Die reale Eugenie flüchtete aus dem Senegal in die Schweiz und erlebte dort das Asylverfahren. Unsere Eugenie, deren Geschichte wir hier verfolgen können, hält sich in Deutschland auf. Dies hat zwei Gründe: Da ich selbst seit 1982 immer wieder, mal mehr mal weniger und auf sehr verschiedene Art und Weise in die Flüchtlingsarbeit in Deutschland involviert war, lag es nahe, mein Wissen und meine Erfahrungen in das Buch einzubringen, anstatt mich mit den mir nur wenig bekannten Schweizer Realitäten zu befassen und die dortigen Verhältnisse zu erforschen.

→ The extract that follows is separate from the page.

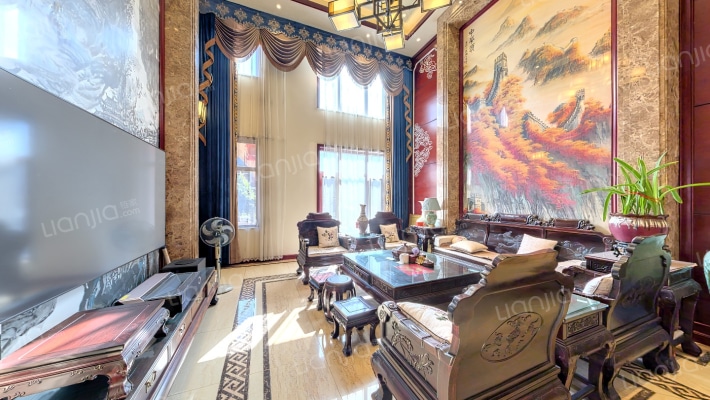 红墅湾二手房实景图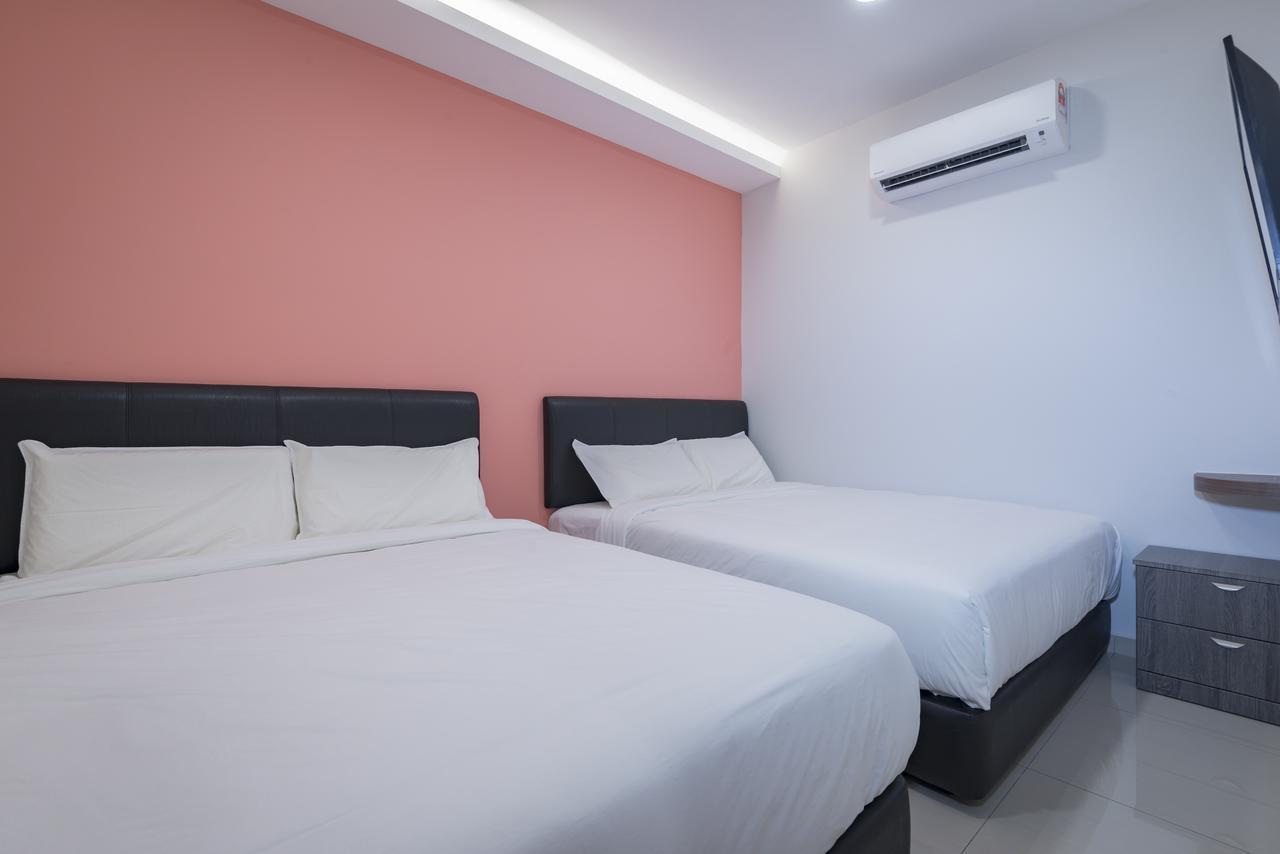 G3 House Apartment Johor Bahru Bagian luar foto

Ein weiterer und eigentlich der ausschlaggebende Grund für diese Entscheidung war und ist die Situation rund um die Asylgesetzgebung und den Umgang mit Geflüchteten bei uns in Deutschland. Hier liegt so vieles im Argen, hier muss so vieles kritisiert und müsste so vieles verbessert werden, hier existiert so viel Unmenschlichkeit im Umgang mit den Betroffenen, dass ich der Überzeugung bin, wir müssen erst einmal unsere eigenen Unzulänglichkeiten benennen und immer wieder aufzeigen, bevor wir andere kritisieren. Erst vor der eigenen Tür kehren, statt vor anderen, erst den Pfahl im eigenen Auge erkennen …
Ganz bewusst habe ich für Eugenies Aufenthalt in Deutschland kein festes Bundesland und keine bestimmte Stadt ausgewählt. Ich wollte die Möglichkeit haben, möglichst viele Facetten aus dem Leben von Menschen zu beschreiben, die sich bei uns im Asylverfahren befinden. Da die Verhältnisse und einzelne Bestimmungen sich von Bundesland zu Bundesland, manchmal sogar von Stadt zu Stadt unterscheiden, wäre eine Festlegung nur hinderlich gewesen. Bis hierher hat sich in der erweiterten neuen Auflage kaum etwas verändert.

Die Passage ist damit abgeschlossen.